**Your task**
Copy each line of the listing below exactly and drop the images.

Dataset records below:

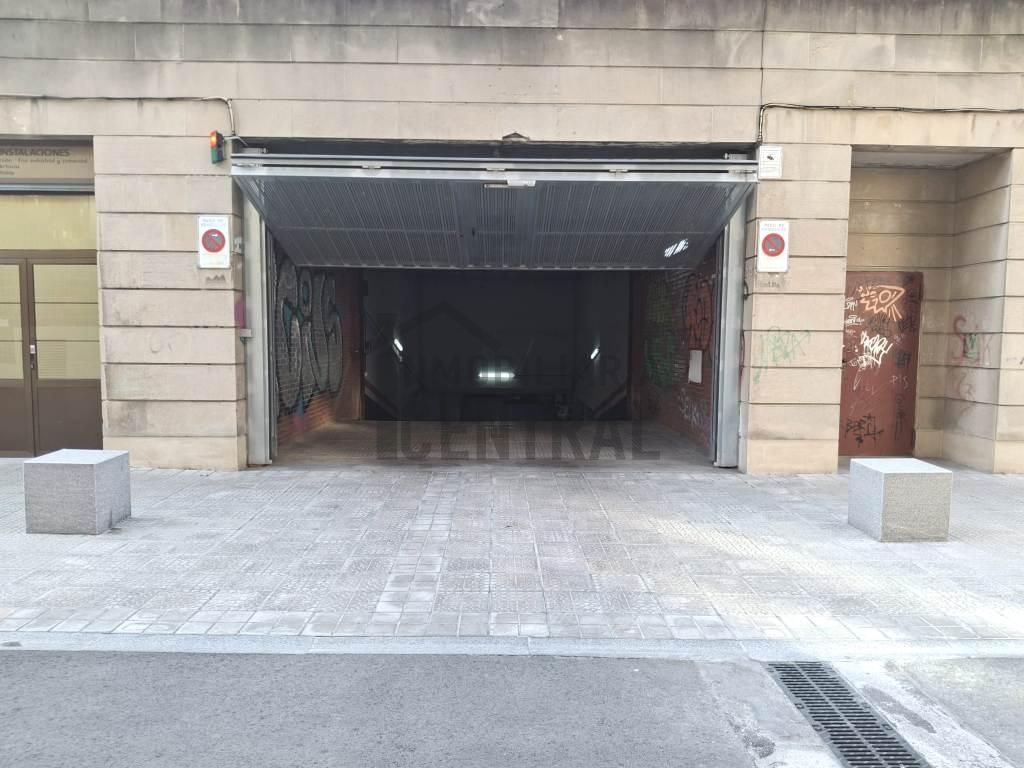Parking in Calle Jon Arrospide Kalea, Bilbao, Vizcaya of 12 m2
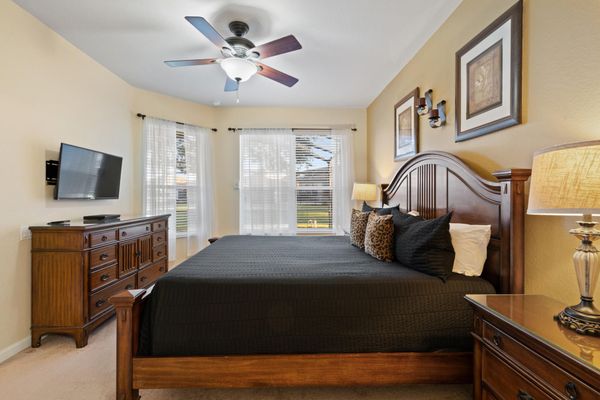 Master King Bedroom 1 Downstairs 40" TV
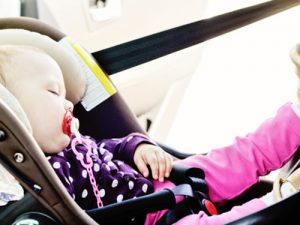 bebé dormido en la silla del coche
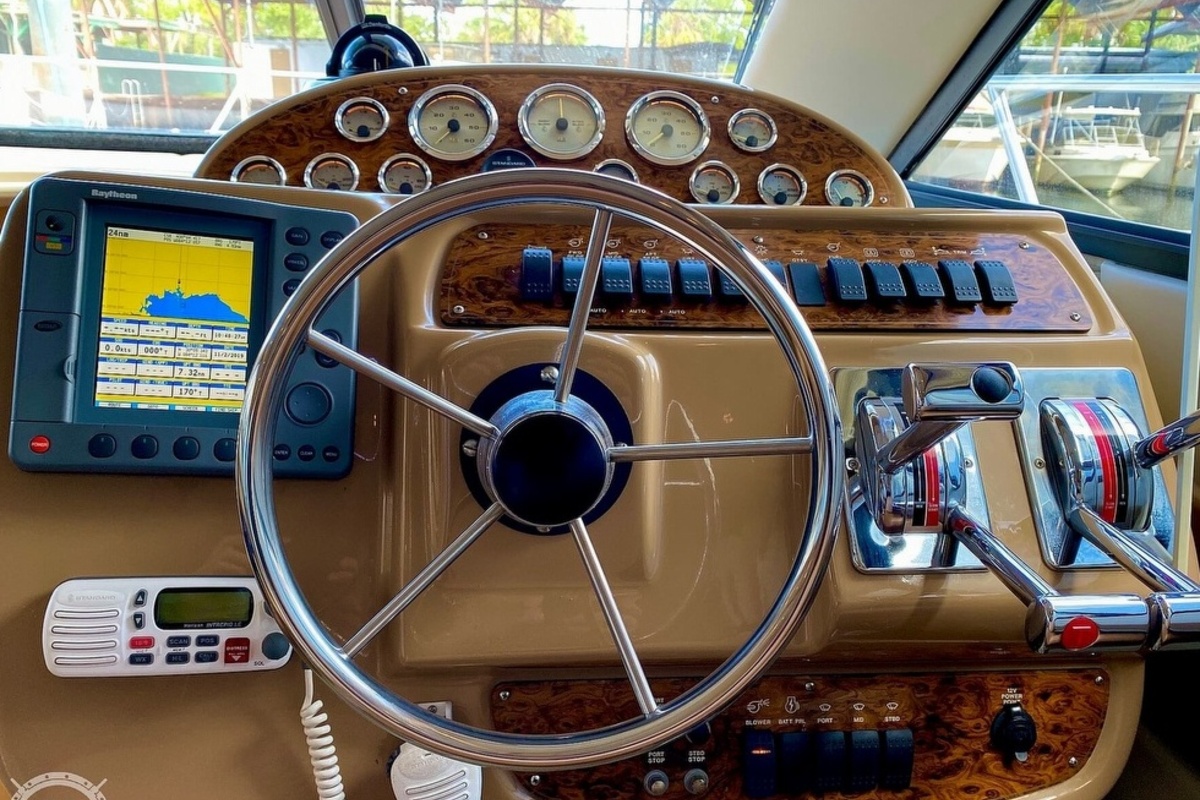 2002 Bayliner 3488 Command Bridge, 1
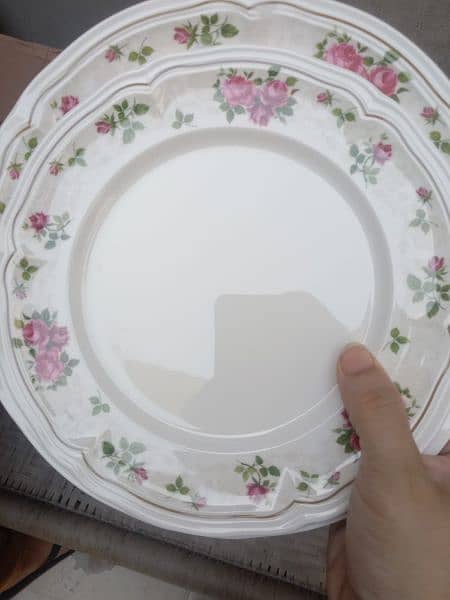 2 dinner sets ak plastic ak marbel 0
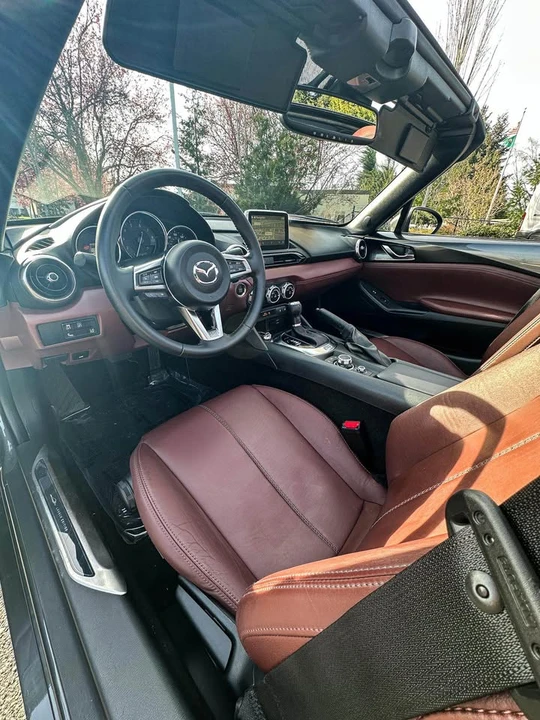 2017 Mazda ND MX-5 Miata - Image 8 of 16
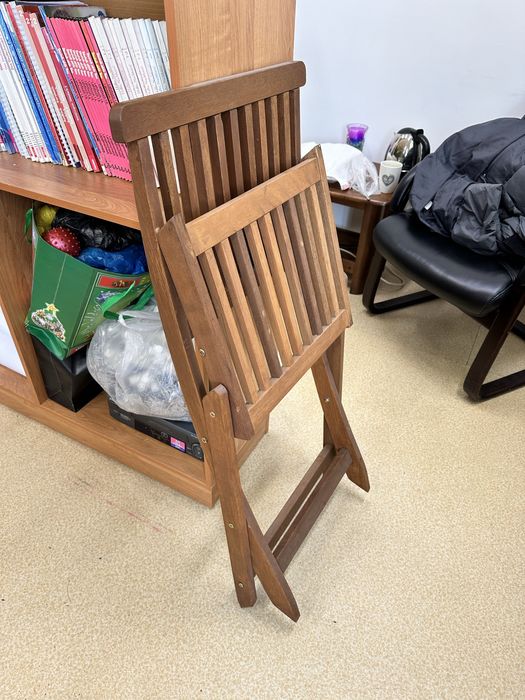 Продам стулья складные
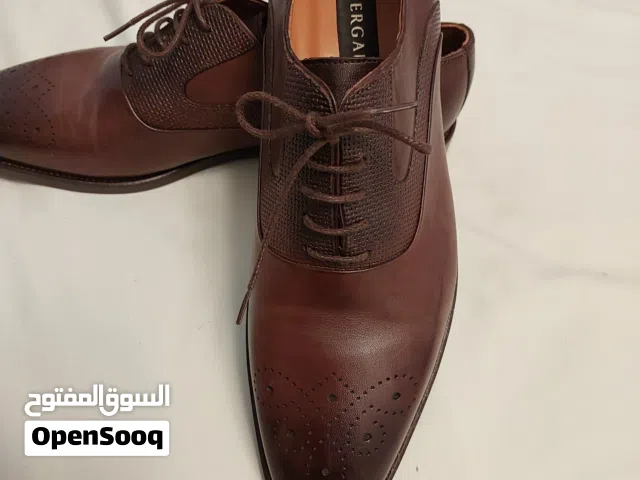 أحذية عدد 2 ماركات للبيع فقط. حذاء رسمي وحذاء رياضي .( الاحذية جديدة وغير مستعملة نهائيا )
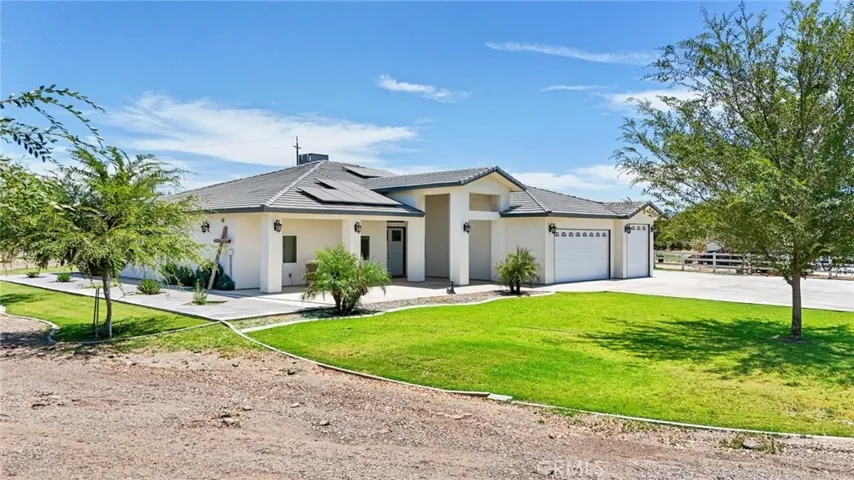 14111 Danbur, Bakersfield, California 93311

End of Dataset records.

**Output of the exercise**
Parking in Calle Jon Arrospide Kalea, Bilbao, Vizcaya of 12 m2
 Master King Bedroom 1 Downstairs 40" TV
 bebé dormido en la silla del coche
 2002 Bayliner 3488 Command Bridge, 1
 2 dinner sets ak plastic ak marbel 0
 2017 Mazda ND MX-5 Miata - Image 8 of 16
 Продам стулья складные
 أحذية عدد 2 ماركات للبيع فقط. حذاء رسمي وحذاء رياضي .( الاحذية جديدة وغير مستعملة نهائيا )
 14111 Danbur, Bakersfield, California 93311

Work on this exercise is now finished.